Personal details
- Born: Zachary Paul McIlwain June 6, 1986 Muncie, Indiana
- Died: December 9, 2024 (aged 38) Indianapolis, Indiana
- Party: Republican
- Alma mater: Ball State University
- Awards: Army Commendation Medal (V-Device & 3 Oak Leaf Clusters) Army Achievement Medal (3 Oak Leaf Clusters) Army Good Conduct Medal (2) Iraq Campaign Medal (4 Campaign Stars) National Defense Service Medal Armed Forces Expeditionary Medal Army Overseas Service Ribbon (4) Combat Infantryman Badge

Military service
- Allegiance: United States
- Branch/service: United States Army
- Years of service: 2005–2013
- Rank: Staff Sergeant
- Unit: 2-1 Infantry 172nd SBCT / 1-24 Infantry 1-25 SBCT "Deuce Four"

= Zach McIlwain =

American congressional advisor

Zachary Paul McIlwain (June 6, 1986 – December 9, 2024) was a National Veteran Advocate, Congressional Advisor, and veteran of the United States Army and the Iraq War. McIlwain made multiple appearances on national television and other national media sources as an advocate trying to raise awareness on the issues currently facing veterans. He worked with Iraq and Afghanistan Veterans of America (IAVA), members of Congress, and other veteran and military service organizations focused on military and veteran affairs.

== Life and work ==
McIlwain was born in Muncie, Indiana. He attended Delta High School in Muncie, Indiana. Following graduation in 2004, McIlwain attended Ball State University before enlisting in the United States Army in 2005.

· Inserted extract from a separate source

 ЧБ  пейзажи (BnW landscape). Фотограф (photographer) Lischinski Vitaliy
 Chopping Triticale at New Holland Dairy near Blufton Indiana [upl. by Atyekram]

As an infantryman, McIlwain was deployed to Iraq with the 172nd Stryker Brigade Combat Team (SBCT) in 2005–2006. McIlwain was awarded the Army Commendation Medal with Valor Device as well as the Combat Infantry Badge. McIlwain's unit's focus during that deployment was "quelling Sectarian violence in Baghdad through diplomacy, direct action, and target acquisition missions." McIlwain was deployed again to Iraq with Deuce Four in 2008–2009. McIlwain left Active Duty to pursue his education, and finished his service in 2013 as an Infantry Platoon Sergeant holding the rank of Staff Sergeant.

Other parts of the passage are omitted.